The Dublin Core Schema provides a set of commonly used properties.
PDF+ IFilter extracts the following XMP Dublin Core metadata:
| XMP Dublin Core Metadata | Property Name | Property Type | Description |
| dc:contributor | contributor | VT_LPWSTR | Contributors to the resource (other than the authors) |
| dc:coverage | coverage | VT_LPWSTR | The extent or scope of the resource |
| dc:creator | creator | VT_LPWSTR | The authors of the resource (listed in order of precedence, if significant) |
| dc:date | date | VT_FILETIME | Date(s) that something interesting happened to the resource |
| dc:description | description | VT_LPWSTR | A textual description of the content of the resource |
| dc:format | format | VT_LPWSTR | The file format used when saving the resource |
| dc:identifier | identifier | VT_LPWSTR | Unique identifier of the resource |
| dc:language | language | VT_LPWSTR | Language of the document |
| dc:publisher | publisher | VT_LPWSTR | Publishers |
| dc:relation | relation | VT_LPWSTR | How the content relates to other resources |
| dc:rights | rights | VT_LPWSTR | Informal rights statement |
| dc:source | source | VT_LPWSTR | Unique identifier of the work from which this resource was derived |
| dc:subject | subject | VT_LPWSTR | An unordered array of descriptive phrases or keywords that specify the topic of the content of the resource |
| dc:title | title | VT_LPWSTR | The title of the document, or the name given to the resource |
| dc:type | type | VT_LPWSTR | A document type; for example, novel, poem, or working paper |
In accordance with Microsoft IFilter specification, PSD+ IFilter defines each metadata as combination of Property Set and Property Name. All XMP Dublin Core metadata belong to {DC099694-64F5-4371-9AA9-868846A5657E} Property Set GUID.

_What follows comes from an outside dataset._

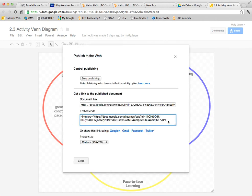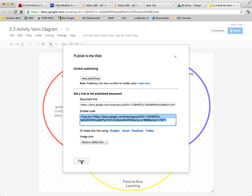And then your embed code can be found right here. Copy that embed code and you can paste it into any Google Gadget or wiki project that you choose.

The XMP Basic Schema contains properties that provide basic descriptive information.
PDF+ IFilter extracts the following XMP Basic metadata:
| XMP Basic Metadata | Property Name | Property Type | Description |
| xap:Advisory | Advisory | VT_LPWSTR | An unordered array specifying properties that were edited outside the authoring application |
| xap:BaseURL | BaseURL | VT_LPWSTR | The base URL for relative URLs in the document content |
| xap:CreateDate | CreateDate | VT_FILETIME | The date and time the resource was originally created |
| xap:CreatorTool | CreatorTool | VT_LPWSTR | The name of the first known tool used to create the resource |
| xap:Identifier | Identifier | VT_LPWSTR | An unordered array of text strings that unambiguously identify the resource within a given context |
| xap:MetadataDate | MetadataDate | VT_FILETIME | The date and time that any metadata for this resource was last changed. It should be the same as or more recent than xap:ModifyDate |
| xap:ModifyDate | ModifyDate | VT_FILETIME | The date and time the resource was last modified |
| xap:Nickname | Nickname | VT_LPWSTR | A short informal name for the resource |
All XMP Basic metadata belong to {BA64F93D-FBA6-4b75-8F7F-37FC8B493176} Property Set GUID.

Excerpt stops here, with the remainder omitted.